Problem requirements:
The lines below must be transcribed exactly as given, with the images removed.

Information given:

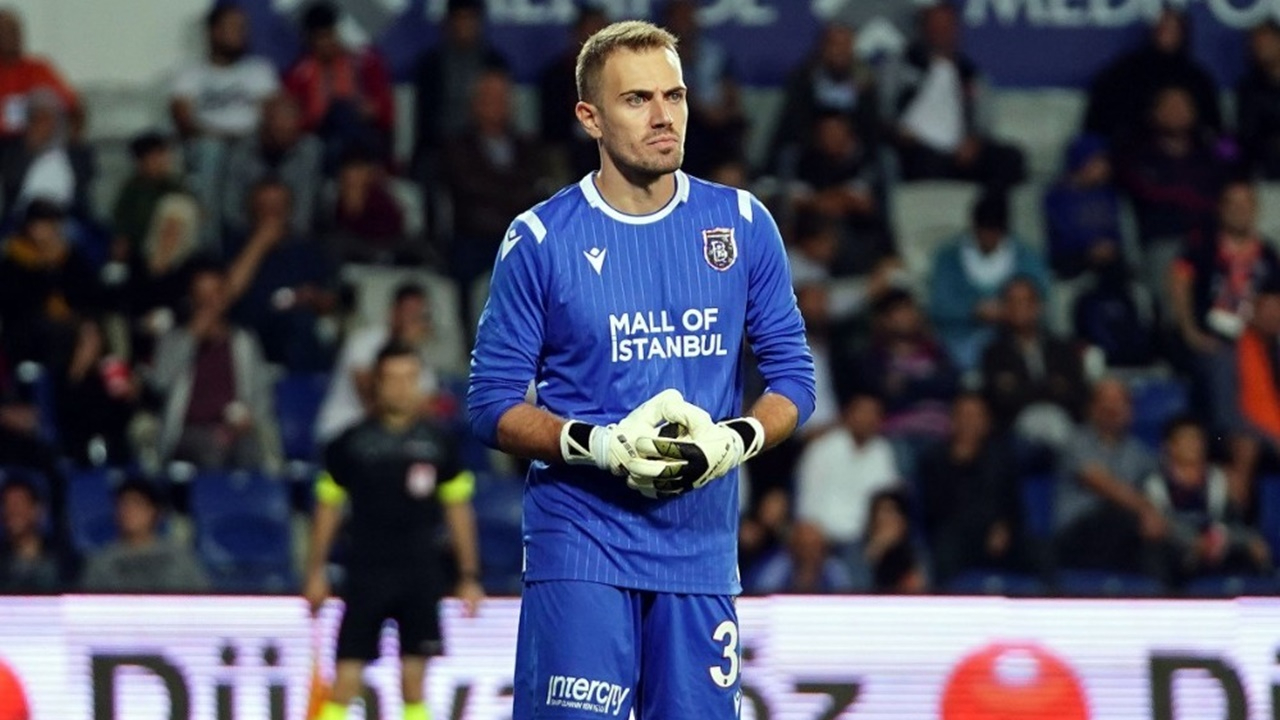 Beşiktaş, milli kaleci Mert Günok için Medipol Başakşehir ile anlaştı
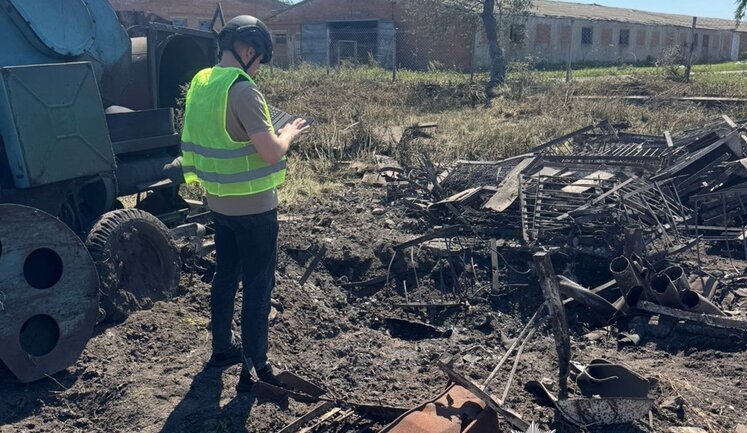 Aftermath of Russian missile strike on Sumy community: 2 dead, 3 injured, some seriously. Severe damage reported (updated). PHOTOS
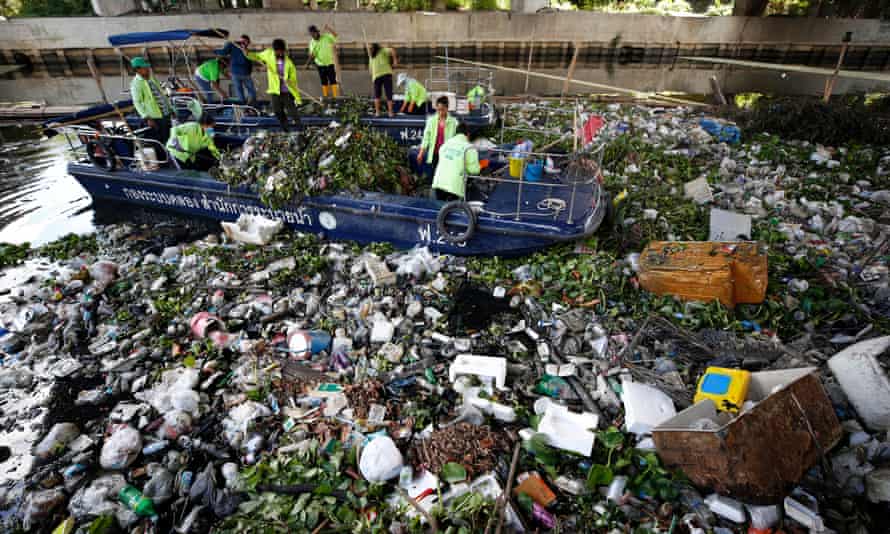 Kommunale Müllsammler versuchen in Booten einen Kanal von Treibgut und Hausmüll zu säubern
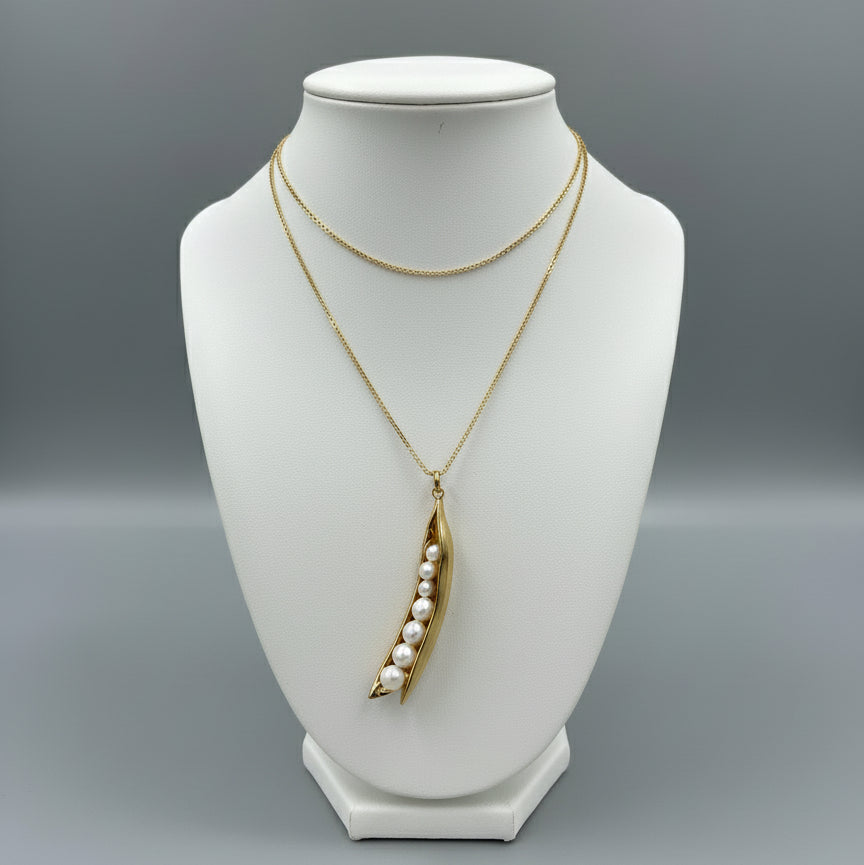 FRESHWATER PEARL PEAPOD NECKLACE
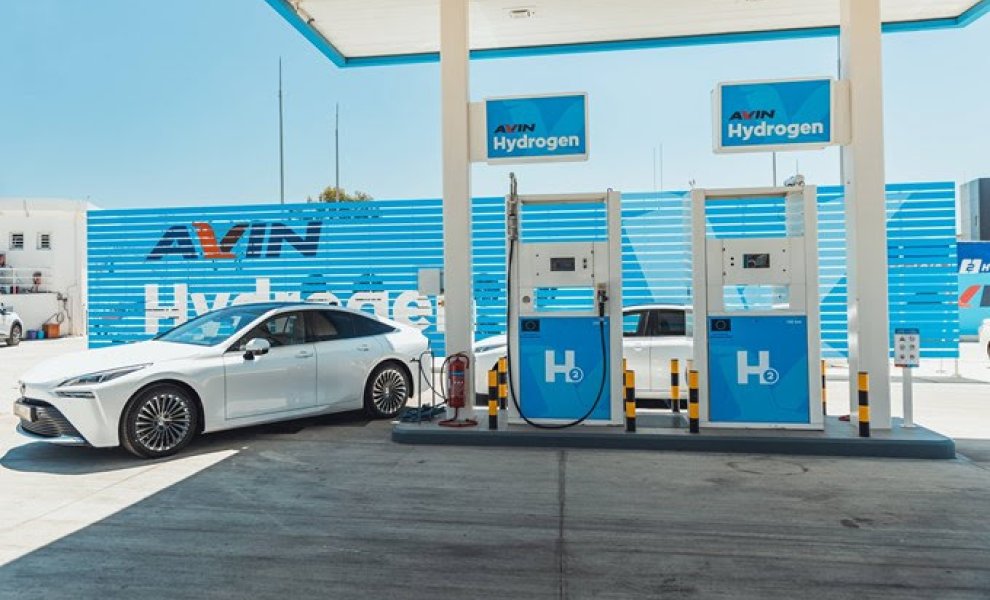 Στους ελληνικούς δρόμους με πρωτοβουλίες του Ομίλου Motor Oil τα πρώτα δυο αυτοκίνητα υδρογόνου που ταξινομούνται στη χώρα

Task solution:
 Beşiktaş, milli kaleci Mert Günok için Medipol Başakşehir ile anlaştı
 Aftermath of Russian missile strike on Sumy community: 2 dead, 3 injured, some seriously. Severe damage reported (updated). PHOTOS
 Kommunale Müllsammler versuchen in Booten einen Kanal von Treibgut und Hausmüll zu säubern
 FRESHWATER PEARL PEAPOD NECKLACE
 Στους ελληνικούς δρόμους με πρωτοβουλίες του Ομίλου Motor Oil τα πρώτα δυο αυτοκίνητα υδρογόνου που ταξινομούνται στη χώρα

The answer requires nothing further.